De  acuerdo  con las constancias procesales  que  obran en el informativo se colige que la fiscalía sólo a partir del 12 de  noviembre  de 1999, advirtió el mentado incremento patrimonial ilegal de Ospina  Marín,  pues  fue  en esa fecha cuando se ordenó la expedición de copias para  que se investigara esa situación fáctica.   

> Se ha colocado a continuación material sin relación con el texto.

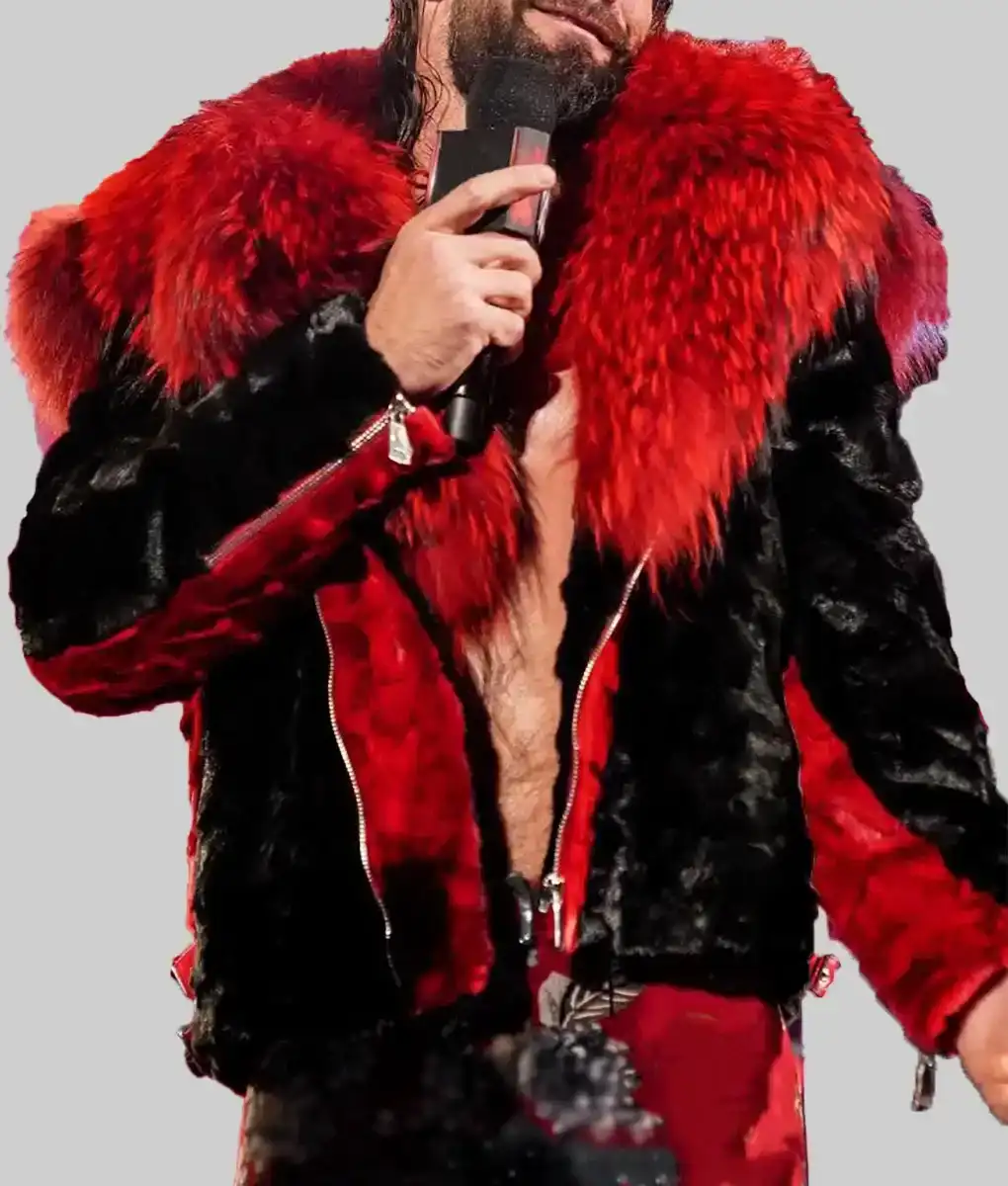 WWE Seth Rollins Maroon Fur Jacket NYC Jackets - Main Image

Por  tanto,  contrario a lo afirmado por el  casacionista,  teniendo como base que sólo la justicia evidenció el incremento  injustificado  del  patrimonio  del  procesado  el 12 de noviembre de 1999, y la  resolución  de  acusación  adquirió  firmeza  el 30 de marzo de 2006, resulta  fácil  advertir, conforme al artículo 83 de la Ley 599 de 2000, que la acción  penal   no  se  había  extinguido por razón de la prescripción cuando se  profirió  la  pieza  enjuiciatoria,  en  la medida en que habían trascurrido 6  años,  4  meses  y  18  dias,  y no los 10 años que consagra como pena máxima  dicho  punible,  conforme  al  artículo  10  del Decreto Extraordinario 2266 de  1991.    

En  tales  condiciones, como quiera que los  cargos  quedaron  huérfanos  en la demostración de los errores atribuidos a la  sentencia,  y  la Corte, en virtud del principio de limitación, no puede entrar  a complementar el libelo se impone la inadmisión de la demanda   

Vale resaltar que del estudio del proceso no  se  vislumbra  violación  de  derechos  fundamentales  o  garantías  de algún  interviniente  que  determine  el  ejercicio  de la facultad oficiosa de índole  legal   que   al  respecto  le  asiste  a  la  Sala  en  punto  de  asegurar  su  salvaguarda.   

En  mérito de lo expuesto, la CORTE  SUPREMA  DE  JUSTICIA,  SALA  DE  CASACIÓN PENAL,   

         RESUELVE   

INADMITIR   la  demanda  de  casación  presentada  a nombre de Anselmo  Ospina  Marín,  por lo anotado en la motivación  de este proveído.   

Contra  esta  decisión  no procede ningún  recurso.   

Comuníquese y cúmplase.  

MARIA   DEL   ROSARIO   GONZÁLEZ   DE  LEMOS   

                                                                                                                           CITA MÉDICA   

JOSÉ LEONIDAS BUSTOS MARTÍNEZ                                          SIGIFREDO ESPINOSA PÉREZ   

ALFREDO   GÓMEZ   QUINTERO                                                        AUGUSTO  J. IBAÑEZ GUZMÁN            

JORGE  LUIS  QUINTERO MILANÉS                            JULIO    ENRIQUE    SOCHA  SALAMANCA   

JAVIER  ZAPATA ORTIZ  

                                                                                                                                   

TERESA RUIZ NUÑEZ  

Secretaria  

    

1 Corte  Suprema  de  Justicia,  Sala  de Casación Penal, Rad. 14078, sentencia del 8 de  noviembre de 2000.